- Theatrical release poster
- Directed by: Drew Mylrea
- Screenplay by: Josh Janowicz
- Produced by: Shaun Sanghani; Sunil Perkash; Akaash Yadav; Michael Jefferson;
- Starring: Drew Van Acker; Alicia Silverstone; Stephen Moyer;
- Cinematography: Julian Amaru Estrada
- Edited by: Bradley McLaughlin
- Music by: David Deutsch
- Production companies: Yadav Productions; Perkash Productions; El Ride Productions; Young at Heart Entertainment; SSS Entertainment;
- Distributed by: Vertical Entertainment
- Release dates: November 4, 2021 (Leeds); January 6, 2022 (DirecTV); February 4, 2022 (United States);
- Country: United States
- Language: English

= Last Survivors =

Last Survivors (formerly titled SHTF) is a 2021 American thriller film directed by Drew Mylrea in his feature directorial debut and starring Drew Van Acker, Alicia Silverstone and Stephen Moyer. It takes place in a post-apocalyptic world where for the past twenty years Troy (Stephen Moyer) has raised his now grown son, Jake (Drew Van Acker), in isolation in the woods miles away from any remnants of civilization.

==Plot==
Troy and his son Jake have been living off the grid for over twenty years in the wake of an apocalyptic event that destroyed much of civilization and left the survivors desperate. Troy has constantly drilled Jake on the necessity of assuming any outsider is a clear and immediate danger that must be eliminated; he kills and buries anyone who happens upon them. One day an outsider shoots Troy, and Jake must leave to bring back antibiotics. He sees a woman working outside a house, but can't bring himself to kill her as his father instructed he do with anyone he encountered. He sneaks into her house to find antibiotics and steroids and returns home.

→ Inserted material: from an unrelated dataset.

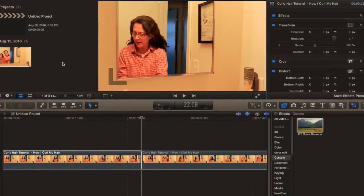Now let's go to the computer and I'll show you how to achieve white balance correction in Final Cut Pro. So now we're in the editing portion — how to correct your white balance. I'll leave a link in the description for this plugin I found — it's called RT Color Balance.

Jake hides some food to make his father think they have less than they do so he has an excuse to go hunting, and he returns to the woman's home and confronts her; she tells him her name is Henrietta. As they talk it becomes obvious to the viewer that there has been no generalized apocalyptic event.

Troy becomes suspicious of Jake, and Jake starts to doubt Troy's accounts of the state of the outside world.

==Cast==
- Drew Van Acker as Jake
- Alicia Silverstone as Henrietta
- Stephen Moyer as Troy

==Production==
Principal photography occurred in Butte, Montana and wrapped in January 2021.

==Reception==

Martin Unsworth of Starburst awarded the film 3/5 stars writing that "Last Survivors treads the well-worn path of post-apocalyptic films but manages to keep things engaging." Angie Han of The Hollywood Reporter gave the film a negative review and wrote, "it’s clearly a film with a lot on its mind (...) but its reticence keeps it from exploring the more challenging, and possibly more rewarding, paths laid out before it."

Tara McNamara of Common Sense Media rated it 4/5 star writing that "this indie isn't going to change lives, but for evening of entertainment, it'll certainly give your family something to talk about."